In un quartiere di periferia del nord della Francia vivono Bertrand, Marie e Christine. Sono tre vicini di casa in cerca di una soluzione ai loro problemi. Bertrand deve far scomparire un video da Facebook, Marie deve impedire che un giovane la ricatti con un video hard e Christine deve trovare un modo per aumentare la sua media voti come autista privata, bloccata a una stella su cinque.

Imprevisti digitali, ultimo film della coppia Benoît Delépine e Gustave Kervern, Orso d’argento speciale all’ultima Berlinale, è una commedia sui problemi digitali, contemporanei, aberranti, vissuti da personaggi di certo non digitali (in apertura Marie si gratta la schiena contro un albero come farebbe solo un orso), o meglio personaggi che riescono a seguire l’evoluzione digitale, la rincorrono e forse la raggiungono anche, ma che si trovano alla fine sciupati, rovinati, distrutti. Non sono stupidi ma instupiditi. Non sanno interfacciarsi con le post-verità da social, dimenticano le password, non riconoscono le truffe online. Atteggiamenti tanto comuni quanto assurdi, che alimentano una delle intenzioni comiche di questo film, ovvero quella di raccontare vicende totalmente credibili attraverso un registro in continuo bilico tra grottesco e realistico.
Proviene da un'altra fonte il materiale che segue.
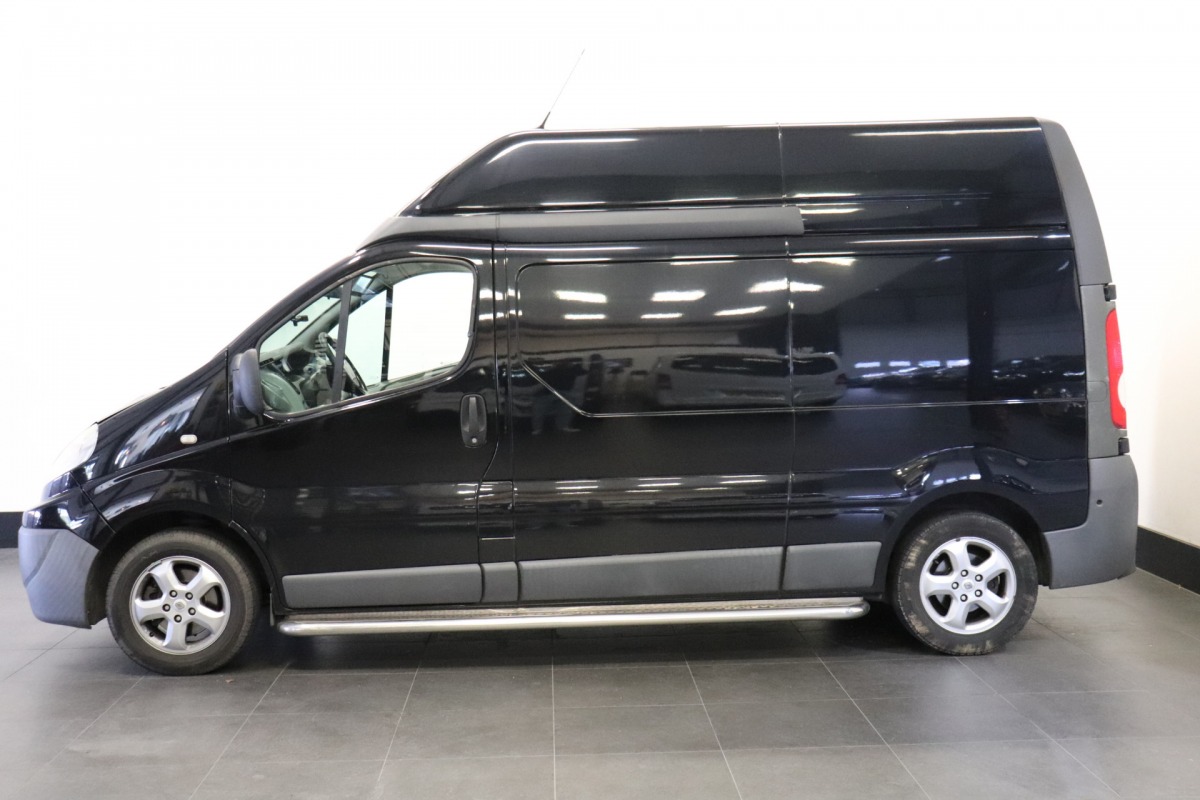 Renault Trafic 2.5 dCi T29 L2H2 115PK - Airco - Navi - Camera - € 2.990,- Excl.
Ovviamente, lo capiscono presto anche i protagonisti: i loro problemi dipendono da quei tre schermi (“specchi”) neri. Allora, dalla rotonda che un tempo occupavano come gilet gialli, i tre decidono di sabotare le grandi banche dati del mondo. Con maschere, per evitare il riconoscimento facciale, come faceva la protagonista di La donna elettrica (altra sabotatrice del cinema contemporaneo) anche se in quel caso si trattava di difesa mentre qui si tratta di attacco: i protagonisti non hanno più nulla da salvaguardare.

Come nel loro primo film Aaltra, Delépine e Kervern costruiscono Imprevisti digitali come un allontanamento da un luogo di origine. Si parte da un quartiere residenziale (grande protagonista del cinema recente nella rappresentazione di piccoli microcosmi simbolici, vedi Non ci sarà mai più la neve o Favolacce) che qui non è teatro degli eventi ma luogo di partenza per un viaggio che consiste nell’allargare lo sguardo geografico mettendone in crisi la retorica globalista.
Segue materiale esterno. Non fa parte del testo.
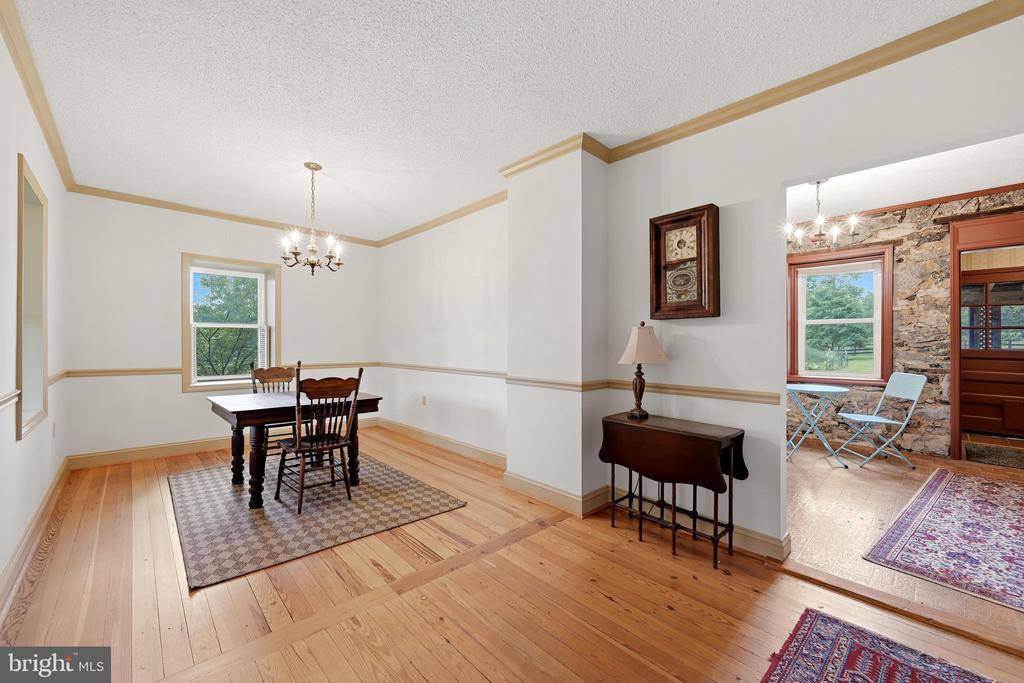 936 GUN BARREL RD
Giorgio Avezzù nel libro L’evidenza del mondo afferma che il cinema in questi ultimi anni ha diegetizzato la crisi della ragione cartografica, spesso in forma di imbarazzo geografico, di incapacità di conoscenza e controllo del mondo. In Imprevisti digitali, i protagonisti ripropongono questa incapacità nei loro viaggi, nel partire senza sapere nulla dell’altro, nel non poter comunicare, nell’essere convinti che l’altro sia in un punto del mondo dove, alla fine dei conti, non è.

L’impossibilità di rappresentazione totale (non solo geografica) del globo – che, per esempio, in un film come Babel veniva nascosta e deviata nel racconto di una condizione umana universale, dove ogni essere vivente nel mondo era collegato da un gesto o da un oggetto - si riduce alla frammentazione di una condizione individuale spesso riproposta nella tendenza continua al monologo dei protagonisti. Se si pensa che il battesimo simbolico di questa retorica è avvenuto con le prime foto spaziali dell’intero globo (tra cui quella scattata dalla luna, intitolata “alba terreste”), il “tramonto terreste” finale non può che esserne l’evidenza di un fallimento. Mentre una porta con scritto “insieme, lasciamo una traccia” ribadisce una coscienza planetaria che, forse, non è riuscita nel suo intento. E solo attraverso uno spago o una conchiglia, secondo Delépine e Kervern, sembra si possa tornare a comunicare veramente.